As some of you know I am dithering about collecting a Daemons of Chaos army once I get a little bit further with my current armies, painting wise. Well one of the things that has put me off is the complete lack of decent Tzeentch Herald models and substitutes.

So I went mooching about the internet and found this from Battlefield Berlin, a German model company. What do you think? Would you be happy playing against it as a DoC Tzeentch Herald?


----------



## Vaz (Mar 19, 2008)

Hell Yes! That's a fantastic model - not too keen on the NMM, but otherwise, oh yes.
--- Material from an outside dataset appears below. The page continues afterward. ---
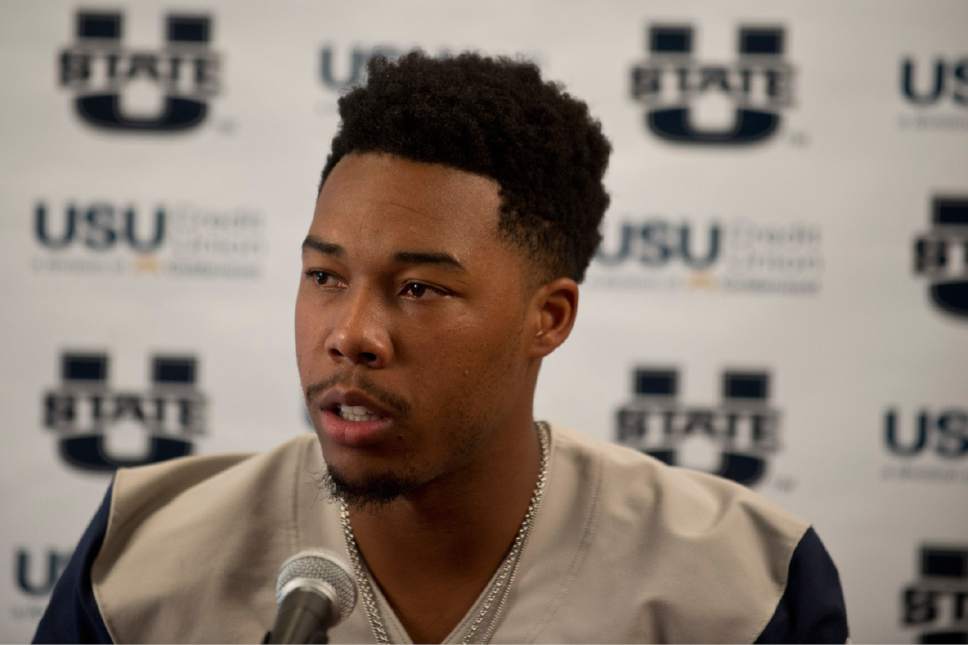 Lennie Mahler  |  The Salt Lake Tribune

Utah State University quarterback Kent Myers answers questions during media day in Logan, Utah, Thursday, Aug. 4, 2016.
Oh yes indeed.


----------



## Master Andael (Jan 18, 2008)

It looks a bit kroot-ish, but if you give it a good paintscheme then yes I like it.


----------



## neilbatte (Jan 2, 2008)

Its a nice model . have you checked out the wargods of aegyptus own website as they have a fair sized collection of substitute models?


----------



## squeek (Jun 8, 2008)

Didn't realise they had their own site actually, after a fair while looking it was worth it though. I found a second Herald of Tzeentch sub :grin:










No idea which would work out as the cheaper source though, I am thinking Germany rather than the US(?) due to postage, but I wont be buying them just yet so maths can wait!


----------



## Vaz (Mar 19, 2008)

The second one looks far better, IMO, and you have a Familiar with it. The Weapon could also be suitably slaaneshi. And I guess they're into all that Furry shit in any case. =D


----------



## MaidenManiac (Oct 2, 2008)

Totally agree with Vaz! The second one is alot better, its damn cool tbh:grin:


----------



## Lord Sinkoran (Dec 23, 2006)

that would be a factastic model but say you sculpted it as some GW staff members are fussy about where you get models from like my local won't let me use the chaos dwarf from avatar of war because its not a GW model.


----------



## Syph (Aug 3, 2008)

Either model would be good I think squeek, although I prefer the second. 



Lord Sinkoran said:


> that would be a factastic model but say you sculpted it as some GW staff members are fussy about where you get models from like my local won't let me use the chaos dwarf from avatar of war because its not a GW model.


That's why I'm wary of picking up other Dark Elves from non-GW sculptors, despite some of them being superior to the current GW crop.


----------